Free and healthy lunches in schools

The Prime Minister has announced that Year 1-8 students in up to 31 schools will be offered a free school lunch from Term 1, 2020. Up to 21,000 students in around 120 schools will eventually benefit from this prototype by the beginning of 2021. A decision will be made after this about whether to continue or extend the programme.

Child Youth and Wellbeing Strategy

The programme is part of the Government’s new Child Youth and Wellbeing Strategy. The Strategy recognises that reducing child poverty is vital to improving the wellbeing of many of our most vulnerable children and young people.

New Zealand Child and Youth Wellbeing Strategy (external link)

Participants in the programme

The Ministry of Education identified 43 Bay of Plenty/Waiariki and Hawke's Bay/Tairawhiti schools with high levels of disadvantage to participate in the programme.
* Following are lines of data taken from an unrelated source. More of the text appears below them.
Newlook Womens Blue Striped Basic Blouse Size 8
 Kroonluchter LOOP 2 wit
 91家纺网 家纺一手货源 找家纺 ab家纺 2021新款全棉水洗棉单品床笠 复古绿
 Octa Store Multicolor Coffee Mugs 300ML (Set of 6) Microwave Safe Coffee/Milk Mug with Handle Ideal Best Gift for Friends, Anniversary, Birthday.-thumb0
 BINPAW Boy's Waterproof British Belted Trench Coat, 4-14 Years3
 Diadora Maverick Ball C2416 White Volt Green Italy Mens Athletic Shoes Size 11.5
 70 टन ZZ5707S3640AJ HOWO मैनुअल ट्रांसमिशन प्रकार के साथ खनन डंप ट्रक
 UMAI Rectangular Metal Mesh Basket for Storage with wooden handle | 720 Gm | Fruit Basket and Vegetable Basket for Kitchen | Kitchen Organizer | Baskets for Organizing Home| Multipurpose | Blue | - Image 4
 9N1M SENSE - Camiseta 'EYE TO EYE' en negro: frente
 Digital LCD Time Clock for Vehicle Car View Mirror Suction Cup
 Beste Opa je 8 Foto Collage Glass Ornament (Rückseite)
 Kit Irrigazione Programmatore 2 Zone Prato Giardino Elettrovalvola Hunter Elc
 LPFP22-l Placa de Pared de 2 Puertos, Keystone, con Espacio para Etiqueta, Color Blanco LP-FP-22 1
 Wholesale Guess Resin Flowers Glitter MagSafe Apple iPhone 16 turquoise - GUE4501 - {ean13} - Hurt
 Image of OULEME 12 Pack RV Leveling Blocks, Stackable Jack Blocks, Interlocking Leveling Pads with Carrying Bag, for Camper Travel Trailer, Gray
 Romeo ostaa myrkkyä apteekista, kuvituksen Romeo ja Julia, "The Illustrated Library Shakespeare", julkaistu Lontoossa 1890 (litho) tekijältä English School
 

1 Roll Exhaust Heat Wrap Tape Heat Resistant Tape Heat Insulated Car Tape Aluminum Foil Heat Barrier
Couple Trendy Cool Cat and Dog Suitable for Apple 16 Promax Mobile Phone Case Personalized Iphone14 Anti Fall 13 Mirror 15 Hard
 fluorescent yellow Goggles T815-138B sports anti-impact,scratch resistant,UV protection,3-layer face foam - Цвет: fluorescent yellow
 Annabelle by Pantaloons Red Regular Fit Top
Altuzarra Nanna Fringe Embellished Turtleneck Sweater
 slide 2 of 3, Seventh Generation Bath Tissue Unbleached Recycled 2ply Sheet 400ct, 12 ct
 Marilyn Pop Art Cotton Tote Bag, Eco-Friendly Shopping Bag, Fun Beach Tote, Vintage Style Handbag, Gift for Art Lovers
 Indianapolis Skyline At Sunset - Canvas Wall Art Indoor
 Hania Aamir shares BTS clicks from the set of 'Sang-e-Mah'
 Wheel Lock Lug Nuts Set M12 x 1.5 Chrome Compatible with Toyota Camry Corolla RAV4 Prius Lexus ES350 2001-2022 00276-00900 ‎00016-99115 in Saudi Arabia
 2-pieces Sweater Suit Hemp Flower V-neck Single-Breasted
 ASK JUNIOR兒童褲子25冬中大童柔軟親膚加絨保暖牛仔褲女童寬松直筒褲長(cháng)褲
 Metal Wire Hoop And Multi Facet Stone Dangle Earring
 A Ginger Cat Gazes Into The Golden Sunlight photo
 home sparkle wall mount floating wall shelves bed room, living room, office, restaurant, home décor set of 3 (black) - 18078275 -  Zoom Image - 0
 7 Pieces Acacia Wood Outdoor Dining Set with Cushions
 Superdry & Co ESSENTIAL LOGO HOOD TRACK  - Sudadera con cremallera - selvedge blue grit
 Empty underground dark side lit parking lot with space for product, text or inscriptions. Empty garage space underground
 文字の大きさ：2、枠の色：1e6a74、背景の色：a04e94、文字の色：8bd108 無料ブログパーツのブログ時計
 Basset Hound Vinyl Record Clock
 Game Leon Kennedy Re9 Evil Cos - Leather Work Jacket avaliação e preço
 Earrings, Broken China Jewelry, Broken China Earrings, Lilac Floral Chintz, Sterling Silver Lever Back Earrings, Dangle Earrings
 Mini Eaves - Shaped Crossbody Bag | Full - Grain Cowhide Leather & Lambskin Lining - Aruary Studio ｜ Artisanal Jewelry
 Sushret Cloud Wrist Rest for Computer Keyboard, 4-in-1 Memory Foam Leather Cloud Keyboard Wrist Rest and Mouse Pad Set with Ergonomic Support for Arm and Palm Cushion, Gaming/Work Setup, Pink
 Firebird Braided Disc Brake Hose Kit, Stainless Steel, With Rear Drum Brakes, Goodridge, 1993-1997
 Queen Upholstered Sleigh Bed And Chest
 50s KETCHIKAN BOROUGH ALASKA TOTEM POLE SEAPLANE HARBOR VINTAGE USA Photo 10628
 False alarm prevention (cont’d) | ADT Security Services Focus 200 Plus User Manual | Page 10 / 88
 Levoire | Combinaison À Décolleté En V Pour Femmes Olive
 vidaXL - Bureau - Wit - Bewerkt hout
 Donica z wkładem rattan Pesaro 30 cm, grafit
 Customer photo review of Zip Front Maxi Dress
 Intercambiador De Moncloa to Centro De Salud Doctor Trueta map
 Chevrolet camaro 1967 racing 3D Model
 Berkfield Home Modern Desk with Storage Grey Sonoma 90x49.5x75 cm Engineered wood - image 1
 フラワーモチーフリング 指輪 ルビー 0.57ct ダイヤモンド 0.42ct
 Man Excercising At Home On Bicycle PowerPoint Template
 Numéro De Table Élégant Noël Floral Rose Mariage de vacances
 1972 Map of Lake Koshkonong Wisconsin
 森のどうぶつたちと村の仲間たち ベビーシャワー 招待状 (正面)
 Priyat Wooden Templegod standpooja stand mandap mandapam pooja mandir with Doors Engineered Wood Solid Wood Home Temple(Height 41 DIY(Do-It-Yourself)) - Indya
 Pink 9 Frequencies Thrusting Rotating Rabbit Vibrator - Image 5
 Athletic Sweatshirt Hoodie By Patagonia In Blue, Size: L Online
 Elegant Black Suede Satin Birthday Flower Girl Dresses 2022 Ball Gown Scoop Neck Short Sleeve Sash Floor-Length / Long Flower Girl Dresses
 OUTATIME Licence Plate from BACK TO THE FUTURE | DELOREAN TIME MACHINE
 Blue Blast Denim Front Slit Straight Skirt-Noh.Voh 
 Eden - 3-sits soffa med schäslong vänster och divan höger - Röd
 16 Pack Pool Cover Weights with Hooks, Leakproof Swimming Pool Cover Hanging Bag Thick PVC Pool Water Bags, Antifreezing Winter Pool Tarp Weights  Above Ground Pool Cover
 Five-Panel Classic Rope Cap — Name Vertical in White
We will be contacting other schools in these regions, with the same characteristics, as well as schools in Otago/Southland. Starting in these regions will give us the mix of schools and kura in urban rural and isolated locations we need to fully evaluate impacts and issues with the programme.

Details of the programme

All Year 1 to 8 students in the participating schools will be offered a daily free lunch. This approach will ensure that every student who needs a free lunch can access one.

Regular nutritious meals give children the energy, focus and concentration they need to learn and develop.

Between 150,000 and 250,000 New Zealand children are in poverty, depending on the measures used.  One in five children experience moderate or severe food insecurity. In our most disadvantaged communities, 40 percent of parent’s run out of food sometimes or often. 

The Ministry of Education will work closely with schools and their communities, to support the design and delivery of free school lunches. Where schools are close together, we will encourage a community approach to providing free healthy lunches.

Other organisations

Some existing organisations already provide lunches to students. This programme will create opportunities for them to adapt or extend their current operations, either within the same schools, or in other schools. It is also likely to create opportunities for new food providers to work with schools. 

The scope of the free and healthy lunch programme is limited, at this stage, because the Government wants to trial what is involved in providing free lunches in a mix of school types and locations.

The effects of the programme on students’ wellbeing and education will be evaluated.